● **The task**
The entries follow. Print each one exactly.

[Source records]
+ + + + +
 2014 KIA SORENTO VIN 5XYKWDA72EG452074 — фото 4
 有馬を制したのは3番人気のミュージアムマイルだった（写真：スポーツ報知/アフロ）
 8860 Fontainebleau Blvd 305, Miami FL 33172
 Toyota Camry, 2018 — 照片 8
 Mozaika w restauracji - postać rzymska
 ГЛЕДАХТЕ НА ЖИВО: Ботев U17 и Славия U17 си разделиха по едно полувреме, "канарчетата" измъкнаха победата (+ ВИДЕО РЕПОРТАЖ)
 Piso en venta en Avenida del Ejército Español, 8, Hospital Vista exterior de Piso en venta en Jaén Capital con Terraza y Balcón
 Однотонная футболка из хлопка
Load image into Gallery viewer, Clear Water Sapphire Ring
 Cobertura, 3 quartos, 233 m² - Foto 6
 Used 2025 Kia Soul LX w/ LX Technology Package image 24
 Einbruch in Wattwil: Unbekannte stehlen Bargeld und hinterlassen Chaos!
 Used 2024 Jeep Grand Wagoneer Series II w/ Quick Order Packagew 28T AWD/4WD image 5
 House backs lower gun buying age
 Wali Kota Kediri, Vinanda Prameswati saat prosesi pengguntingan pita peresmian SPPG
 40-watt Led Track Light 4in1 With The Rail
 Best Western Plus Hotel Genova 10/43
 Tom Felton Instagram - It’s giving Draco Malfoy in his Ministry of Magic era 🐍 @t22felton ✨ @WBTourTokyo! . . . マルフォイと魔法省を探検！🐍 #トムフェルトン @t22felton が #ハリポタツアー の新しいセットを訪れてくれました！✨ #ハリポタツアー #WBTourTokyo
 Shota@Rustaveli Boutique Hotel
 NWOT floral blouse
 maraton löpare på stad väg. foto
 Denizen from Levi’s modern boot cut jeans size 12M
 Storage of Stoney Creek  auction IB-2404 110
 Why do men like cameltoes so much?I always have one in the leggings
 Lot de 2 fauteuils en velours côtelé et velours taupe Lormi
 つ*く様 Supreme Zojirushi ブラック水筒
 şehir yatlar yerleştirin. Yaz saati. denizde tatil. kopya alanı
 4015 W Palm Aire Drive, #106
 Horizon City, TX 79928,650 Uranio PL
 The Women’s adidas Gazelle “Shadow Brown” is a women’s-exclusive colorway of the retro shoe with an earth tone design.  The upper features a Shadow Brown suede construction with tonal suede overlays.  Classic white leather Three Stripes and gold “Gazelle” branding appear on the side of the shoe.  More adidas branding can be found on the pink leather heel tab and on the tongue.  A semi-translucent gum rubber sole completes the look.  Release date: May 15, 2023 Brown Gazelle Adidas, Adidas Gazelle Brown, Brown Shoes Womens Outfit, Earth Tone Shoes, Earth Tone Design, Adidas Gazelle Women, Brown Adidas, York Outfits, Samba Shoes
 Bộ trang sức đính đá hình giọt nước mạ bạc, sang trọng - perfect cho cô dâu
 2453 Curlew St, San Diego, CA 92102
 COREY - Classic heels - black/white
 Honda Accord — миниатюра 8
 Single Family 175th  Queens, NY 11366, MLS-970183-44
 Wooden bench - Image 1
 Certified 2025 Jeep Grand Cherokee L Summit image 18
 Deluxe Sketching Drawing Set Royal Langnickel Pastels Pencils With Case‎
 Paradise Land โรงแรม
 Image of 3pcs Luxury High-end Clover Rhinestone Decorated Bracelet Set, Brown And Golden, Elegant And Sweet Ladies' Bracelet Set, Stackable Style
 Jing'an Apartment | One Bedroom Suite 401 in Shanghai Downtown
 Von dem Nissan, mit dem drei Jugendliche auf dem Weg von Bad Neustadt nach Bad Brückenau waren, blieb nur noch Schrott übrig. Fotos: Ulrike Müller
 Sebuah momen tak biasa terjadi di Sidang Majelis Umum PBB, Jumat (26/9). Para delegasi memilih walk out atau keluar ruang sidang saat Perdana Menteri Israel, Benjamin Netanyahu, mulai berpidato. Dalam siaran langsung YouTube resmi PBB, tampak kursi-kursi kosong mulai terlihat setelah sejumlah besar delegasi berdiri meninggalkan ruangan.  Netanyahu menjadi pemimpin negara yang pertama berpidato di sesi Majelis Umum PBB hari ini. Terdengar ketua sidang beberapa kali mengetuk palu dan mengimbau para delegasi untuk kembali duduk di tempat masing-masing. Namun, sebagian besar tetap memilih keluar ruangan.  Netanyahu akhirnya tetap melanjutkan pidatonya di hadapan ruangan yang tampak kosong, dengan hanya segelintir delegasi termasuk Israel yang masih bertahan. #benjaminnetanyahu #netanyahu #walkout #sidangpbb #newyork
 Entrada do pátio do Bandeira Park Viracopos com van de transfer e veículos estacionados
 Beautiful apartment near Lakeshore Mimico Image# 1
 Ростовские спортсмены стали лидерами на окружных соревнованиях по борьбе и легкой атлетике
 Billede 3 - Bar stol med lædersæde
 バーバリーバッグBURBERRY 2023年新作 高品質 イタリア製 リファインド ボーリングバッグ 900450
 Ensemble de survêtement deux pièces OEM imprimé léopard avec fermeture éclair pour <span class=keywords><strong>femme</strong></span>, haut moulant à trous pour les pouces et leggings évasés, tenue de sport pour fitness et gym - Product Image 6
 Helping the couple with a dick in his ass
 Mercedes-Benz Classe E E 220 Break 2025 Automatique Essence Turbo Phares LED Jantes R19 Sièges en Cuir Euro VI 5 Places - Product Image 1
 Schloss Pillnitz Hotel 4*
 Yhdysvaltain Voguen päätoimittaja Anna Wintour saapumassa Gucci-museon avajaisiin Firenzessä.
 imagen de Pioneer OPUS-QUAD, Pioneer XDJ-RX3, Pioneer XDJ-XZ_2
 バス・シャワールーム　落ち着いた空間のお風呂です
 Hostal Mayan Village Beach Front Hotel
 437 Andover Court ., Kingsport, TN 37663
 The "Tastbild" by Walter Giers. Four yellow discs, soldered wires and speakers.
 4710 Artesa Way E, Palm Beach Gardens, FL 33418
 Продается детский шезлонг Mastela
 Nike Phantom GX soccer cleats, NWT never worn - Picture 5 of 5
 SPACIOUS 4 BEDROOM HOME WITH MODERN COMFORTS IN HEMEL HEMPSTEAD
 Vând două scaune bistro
+ + + + +
● **Written response**
 2014 KIA SORENTO VIN 5XYKWDA72EG452074 — фото 4
 有馬を制したのは3番人気のミュージアムマイルだった（写真：スポーツ報知/アフロ）
 8860 Fontainebleau Blvd 305, Miami FL 33172
 Toyota Camry, 2018 — 照片 8
 Mozaika w restauracji - postać rzymska
 ГЛЕДАХТЕ НА ЖИВО: Ботев U17 и Славия U17 си разделиха по едно полувреме, "канарчетата" измъкнаха победата (+ ВИДЕО РЕПОРТАЖ)
 Piso en venta en Avenida del Ejército Español, 8, Hospital Vista exterior de Piso en venta en Jaén Capital con Terraza y Balcón
 Однотонная футболка из хлопка
Load image into Gallery viewer, Clear Water Sapphire Ring
 Cobertura, 3 quartos, 233 m² - Foto 6
 Used 2025 Kia Soul LX w/ LX Technology Package image 24
 Einbruch in Wattwil: Unbekannte stehlen Bargeld und hinterlassen Chaos!
 Used 2024 Jeep Grand Wagoneer Series II w/ Quick Order Packagew 28T AWD/4WD image 5
 House backs lower gun buying age
 Wali Kota Kediri, Vinanda Prameswati saat prosesi pengguntingan pita peresmian SPPG
 40-watt Led Track Light 4in1 With The Rail
 Best Western Plus Hotel Genova 10/43
 Tom Felton Instagram - It’s giving Draco Malfoy in his Ministry of Magic era 🐍 @t22felton ✨ @WBTourTokyo! . . . マルフォイと魔法省を探検！🐍 #トムフェルトン @t22felton が #ハリポタツアー の新しいセットを訪れてくれました！✨ #ハリポタツアー #WBTourTokyo
 Shota@Rustaveli Boutique Hotel
 NWOT floral blouse
 maraton löpare på stad väg. foto
 Denizen from Levi’s modern boot cut jeans size 12M
 Storage of Stoney Creek  auction IB-2404 110
 Why do men like cameltoes so much?I always have one in the leggings
 Lot de 2 fauteuils en velours côtelé et velours taupe Lormi
 つ*く様 Supreme Zojirushi ブラック水筒
 şehir yatlar yerleştirin. Yaz saati. denizde tatil. kopya alanı
 4015 W Palm Aire Drive, #106
 Horizon City, TX 79928,650 Uranio PL
 The Women’s adidas Gazelle “Shadow Brown” is a women’s-exclusive colorway of the retro shoe with an earth tone design.  The upper features a Shadow Brown suede construction with tonal suede overlays.  Classic white leather Three Stripes and gold “Gazelle” branding appear on the side of the shoe.  More adidas branding can be found on the pink leather heel tab and on the tongue.  A semi-translucent gum rubber sole completes the look.  Release date: May 15, 2023 Brown Gazelle Adidas, Adidas Gazelle Brown, Brown Shoes Womens Outfit, Earth Tone Shoes, Earth Tone Design, Adidas Gazelle Women, Brown Adidas, York Outfits, Samba Shoes
 Bộ trang sức đính đá hình giọt nước mạ bạc, sang trọng - perfect cho cô dâu
 2453 Curlew St, San Diego, CA 92102
 COREY - Classic heels - black/white
 Honda Accord — миниатюра 8
 Single Family 175th  Queens, NY 11366, MLS-970183-44
 Wooden bench - Image 1
 Certified 2025 Jeep Grand Cherokee L Summit image 18
 Deluxe Sketching Drawing Set Royal Langnickel Pastels Pencils With Case‎
 Paradise Land โรงแรม
 Image of 3pcs Luxury High-end Clover Rhinestone Decorated Bracelet Set, Brown And Golden, Elegant And Sweet Ladies' Bracelet Set, Stackable Style
 Jing'an Apartment | One Bedroom Suite 401 in Shanghai Downtown
 Von dem Nissan, mit dem drei Jugendliche auf dem Weg von Bad Neustadt nach Bad Brückenau waren, blieb nur noch Schrott übrig. Fotos: Ulrike Müller
 Sebuah momen tak biasa terjadi di Sidang Majelis Umum PBB, Jumat (26/9). Para delegasi memilih walk out atau keluar ruang sidang saat Perdana Menteri Israel, Benjamin Netanyahu, mulai berpidato. Dalam siaran langsung YouTube resmi PBB, tampak kursi-kursi kosong mulai terlihat setelah sejumlah besar delegasi berdiri meninggalkan ruangan.  Netanyahu menjadi pemimpin negara yang pertama berpidato di sesi Majelis Umum PBB hari ini. Terdengar ketua sidang beberapa kali mengetuk palu dan mengimbau para delegasi untuk kembali duduk di tempat masing-masing. Namun, sebagian besar tetap memilih keluar ruangan.  Netanyahu akhirnya tetap melanjutkan pidatonya di hadapan ruangan yang tampak kosong, dengan hanya segelintir delegasi termasuk Israel yang masih bertahan. #benjaminnetanyahu #netanyahu #walkout #sidangpbb #newyork
 Entrada do pátio do Bandeira Park Viracopos com van de transfer e veículos estacionados
 Beautiful apartment near Lakeshore Mimico Image# 1
 Ростовские спортсмены стали лидерами на окружных соревнованиях по борьбе и легкой атлетике
 Billede 3 - Bar stol med lædersæde
 バーバリーバッグBURBERRY 2023年新作 高品質 イタリア製 リファインド ボーリングバッグ 900450
 Ensemble de survêtement deux pièces OEM imprimé léopard avec fermeture éclair pour <span class=keywords><strong>femme</strong></span>, haut moulant à trous pour les pouces et leggings évasés, tenue de sport pour fitness et gym - Product Image 6
 Helping the couple with a dick in his ass
 Mercedes-Benz Classe E E 220 Break 2025 Automatique Essence Turbo Phares LED Jantes R19 Sièges en Cuir Euro VI 5 Places - Product Image 1
 Schloss Pillnitz Hotel 4*
 Yhdysvaltain Voguen päätoimittaja Anna Wintour saapumassa Gucci-museon avajaisiin Firenzessä.
 imagen de Pioneer OPUS-QUAD, Pioneer XDJ-RX3, Pioneer XDJ-XZ_2
 バス・シャワールーム　落ち着いた空間のお風呂です
 Hostal Mayan Village Beach Front Hotel
 437 Andover Court ., Kingsport, TN 37663
 The "Tastbild" by Walter Giers. Four yellow discs, soldered wires and speakers.
 4710 Artesa Way E, Palm Beach Gardens, FL 33418
 Продается детский шезлонг Mastela
 Nike Phantom GX soccer cleats, NWT never worn - Picture 5 of 5
 SPACIOUS 4 BEDROOM HOME WITH MODERN COMFORTS IN HEMEL HEMPSTEAD
 Vând două scaune bistro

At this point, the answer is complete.